To call the external world and the many selves within it illusory is true enough but still leaves aside the important question: what are we supposed to do about it?
There would seem to be a lot of possibilities. At one extreme we might say something like, if cheesecake is an illusion, why not gorge on it? At the other, we might see in illusions a terrifying absence of meaning that extends to our own lives.
Is that it? A spectrum that ranges from orgiastic indulgence to bottomless abyss?
A Course in Miracles offers us another way to work with illusions. We understand them to be collectively a projection – an internal condition that we cannot bear and so “project” it (often violently) outside of us.
This was one of Freud’s major insights, borrowed by Helen in the scribing process. The individual cannot accept certain aspects of their self – lust, greed, anger, hate and so forth – and so they “solve” the problem by placing those attributes on other people, places and things.
In a sense, we make the world a screen on which our own personal horror show plays in a grim loop, with the caveat that we forget it’s only a show and – most importantly – that we are its author.
Projection makes perception. The world you see is what you gave it, nothing more than that. But though it is nothing more than that, it is not less . . . It is the witness to your state of mind, the outside picture of an inward condition (T-21.in.1:1-3, 5).
When we accept responsibility for the external, it ceases to be a screen for our projections and becomes more in the nature of a mirror. If we want to know our interior state of mind, simply give attention to the world which arises from it.

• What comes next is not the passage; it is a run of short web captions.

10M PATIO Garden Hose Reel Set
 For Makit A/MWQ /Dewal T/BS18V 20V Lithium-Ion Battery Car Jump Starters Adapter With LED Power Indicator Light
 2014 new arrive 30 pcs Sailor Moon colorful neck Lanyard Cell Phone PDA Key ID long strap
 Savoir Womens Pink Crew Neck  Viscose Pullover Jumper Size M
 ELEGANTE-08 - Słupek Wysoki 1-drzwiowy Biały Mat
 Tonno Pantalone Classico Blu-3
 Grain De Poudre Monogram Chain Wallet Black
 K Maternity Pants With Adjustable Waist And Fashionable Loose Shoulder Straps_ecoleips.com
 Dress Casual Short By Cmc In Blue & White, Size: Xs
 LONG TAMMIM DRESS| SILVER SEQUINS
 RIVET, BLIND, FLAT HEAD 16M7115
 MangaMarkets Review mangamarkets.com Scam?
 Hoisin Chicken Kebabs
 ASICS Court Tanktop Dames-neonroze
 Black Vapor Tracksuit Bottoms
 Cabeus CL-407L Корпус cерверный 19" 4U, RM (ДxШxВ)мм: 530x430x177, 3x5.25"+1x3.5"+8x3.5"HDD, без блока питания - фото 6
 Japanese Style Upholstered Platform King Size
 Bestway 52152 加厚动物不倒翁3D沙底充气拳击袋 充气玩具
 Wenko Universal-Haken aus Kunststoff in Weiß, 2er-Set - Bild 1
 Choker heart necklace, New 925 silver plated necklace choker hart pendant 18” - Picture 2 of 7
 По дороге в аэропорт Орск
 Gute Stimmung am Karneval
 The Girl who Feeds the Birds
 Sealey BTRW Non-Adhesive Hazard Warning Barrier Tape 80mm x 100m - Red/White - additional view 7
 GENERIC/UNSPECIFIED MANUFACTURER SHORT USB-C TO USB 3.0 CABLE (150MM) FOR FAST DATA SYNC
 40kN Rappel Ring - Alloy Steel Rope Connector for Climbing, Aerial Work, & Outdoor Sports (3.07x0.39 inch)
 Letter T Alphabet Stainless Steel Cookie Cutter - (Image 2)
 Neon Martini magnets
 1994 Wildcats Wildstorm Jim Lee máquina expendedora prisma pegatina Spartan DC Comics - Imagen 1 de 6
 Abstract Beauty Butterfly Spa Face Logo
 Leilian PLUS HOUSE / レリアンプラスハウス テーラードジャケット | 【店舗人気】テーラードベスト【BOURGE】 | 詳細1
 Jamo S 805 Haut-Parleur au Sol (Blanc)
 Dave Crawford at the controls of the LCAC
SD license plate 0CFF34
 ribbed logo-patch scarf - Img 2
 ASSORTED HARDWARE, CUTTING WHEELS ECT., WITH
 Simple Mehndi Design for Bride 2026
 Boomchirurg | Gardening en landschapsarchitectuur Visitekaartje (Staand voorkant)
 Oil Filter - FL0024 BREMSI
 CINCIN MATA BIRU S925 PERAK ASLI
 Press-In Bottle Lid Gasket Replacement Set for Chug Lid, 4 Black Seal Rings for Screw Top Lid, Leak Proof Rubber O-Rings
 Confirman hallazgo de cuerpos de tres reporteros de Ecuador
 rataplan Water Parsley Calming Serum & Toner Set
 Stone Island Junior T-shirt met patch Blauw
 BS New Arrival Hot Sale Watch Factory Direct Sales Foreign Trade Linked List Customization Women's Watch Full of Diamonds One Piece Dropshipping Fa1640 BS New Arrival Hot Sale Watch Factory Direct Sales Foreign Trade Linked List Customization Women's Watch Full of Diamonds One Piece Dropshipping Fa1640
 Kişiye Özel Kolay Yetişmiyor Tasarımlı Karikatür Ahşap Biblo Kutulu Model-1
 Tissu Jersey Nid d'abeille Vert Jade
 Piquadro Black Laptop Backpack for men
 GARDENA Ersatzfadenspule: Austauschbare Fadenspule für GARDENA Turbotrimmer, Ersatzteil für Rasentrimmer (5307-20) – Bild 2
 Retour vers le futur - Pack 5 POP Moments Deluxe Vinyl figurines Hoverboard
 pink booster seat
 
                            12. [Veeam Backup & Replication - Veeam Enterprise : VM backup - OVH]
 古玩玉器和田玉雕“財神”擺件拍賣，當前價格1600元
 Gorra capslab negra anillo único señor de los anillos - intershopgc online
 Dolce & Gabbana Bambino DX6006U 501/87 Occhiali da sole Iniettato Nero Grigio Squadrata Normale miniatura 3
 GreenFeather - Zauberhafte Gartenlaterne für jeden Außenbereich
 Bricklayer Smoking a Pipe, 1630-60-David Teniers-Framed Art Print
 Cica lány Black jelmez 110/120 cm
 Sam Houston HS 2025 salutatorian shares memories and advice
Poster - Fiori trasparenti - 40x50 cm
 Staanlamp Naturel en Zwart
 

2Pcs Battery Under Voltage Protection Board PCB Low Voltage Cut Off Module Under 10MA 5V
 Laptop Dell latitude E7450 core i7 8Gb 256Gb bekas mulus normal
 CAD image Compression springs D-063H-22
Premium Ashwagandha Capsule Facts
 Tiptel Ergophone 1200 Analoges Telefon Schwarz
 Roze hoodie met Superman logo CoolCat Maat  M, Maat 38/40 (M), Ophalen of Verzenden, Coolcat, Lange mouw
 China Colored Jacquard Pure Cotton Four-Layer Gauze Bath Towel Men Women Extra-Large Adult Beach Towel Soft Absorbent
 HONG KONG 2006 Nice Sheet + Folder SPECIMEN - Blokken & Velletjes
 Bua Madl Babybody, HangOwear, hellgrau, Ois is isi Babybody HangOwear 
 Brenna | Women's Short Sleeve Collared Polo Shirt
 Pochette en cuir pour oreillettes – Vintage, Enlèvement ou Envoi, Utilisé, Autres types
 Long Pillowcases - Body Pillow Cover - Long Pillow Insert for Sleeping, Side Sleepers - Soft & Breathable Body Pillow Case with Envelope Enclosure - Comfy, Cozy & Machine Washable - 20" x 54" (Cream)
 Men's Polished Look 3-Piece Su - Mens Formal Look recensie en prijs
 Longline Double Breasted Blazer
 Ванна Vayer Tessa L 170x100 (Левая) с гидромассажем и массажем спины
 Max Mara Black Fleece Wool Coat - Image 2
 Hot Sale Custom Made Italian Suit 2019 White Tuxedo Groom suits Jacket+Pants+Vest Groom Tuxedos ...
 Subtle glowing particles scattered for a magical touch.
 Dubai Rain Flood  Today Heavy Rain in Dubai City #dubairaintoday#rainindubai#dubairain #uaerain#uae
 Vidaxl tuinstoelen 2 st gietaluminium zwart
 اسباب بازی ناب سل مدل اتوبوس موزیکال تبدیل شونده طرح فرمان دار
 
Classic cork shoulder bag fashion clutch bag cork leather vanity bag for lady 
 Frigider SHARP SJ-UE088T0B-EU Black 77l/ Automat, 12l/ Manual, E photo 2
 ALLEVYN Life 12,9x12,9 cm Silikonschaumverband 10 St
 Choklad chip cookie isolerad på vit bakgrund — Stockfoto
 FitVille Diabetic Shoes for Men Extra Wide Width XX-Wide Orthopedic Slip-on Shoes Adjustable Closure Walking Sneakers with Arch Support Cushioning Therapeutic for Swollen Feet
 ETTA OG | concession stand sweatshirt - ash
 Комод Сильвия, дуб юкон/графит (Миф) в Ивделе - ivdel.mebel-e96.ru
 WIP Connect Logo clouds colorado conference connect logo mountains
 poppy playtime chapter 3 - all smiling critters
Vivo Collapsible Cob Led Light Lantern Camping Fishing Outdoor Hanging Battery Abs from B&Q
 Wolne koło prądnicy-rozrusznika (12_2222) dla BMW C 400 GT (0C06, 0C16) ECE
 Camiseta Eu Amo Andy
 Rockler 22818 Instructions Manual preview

When we do this in a sustained and nonjudgmental way – which I believe was the essence of Ken Wapnick’s oft-repeated suggestion that we not take our lives too seriously – a sort of shift occurs. Cause and effect are perceived rightly – that is, the world becomes an effect caused by our thinking. We are not effects caused by the world.
See [the world] as damned, and all you see is what you did to hurt the Son of God. If you behold disaster and catastrophe, you tried to crucify him. If you see holiness and hope, you joined the Will of God to set him free (T-21.in.2:2-4).
It is important to remember that there is “no choice that lies between these two decisions” (T-21.in.2:5). We are either crucifying the world or setting it free. If we are bent on the horror of crucifixion, then we are taking our marching orders from the ego (T-20.VIII.10:6). If we are engaged in releasing the world from damnation, then we are working with the Holy Spirit, whose only objective is peace (T-6.II.5:1-2).
Thus, we can easily discern which teacher we are listening to – the ego or the Holy Spirit – by taking note of our perceptions. Anything less than perfect peace means we are still (secretly or otherwise) heeding the ego. And thus we can make another choice because we know that the power to do so belongs to us because it was given to us in creation.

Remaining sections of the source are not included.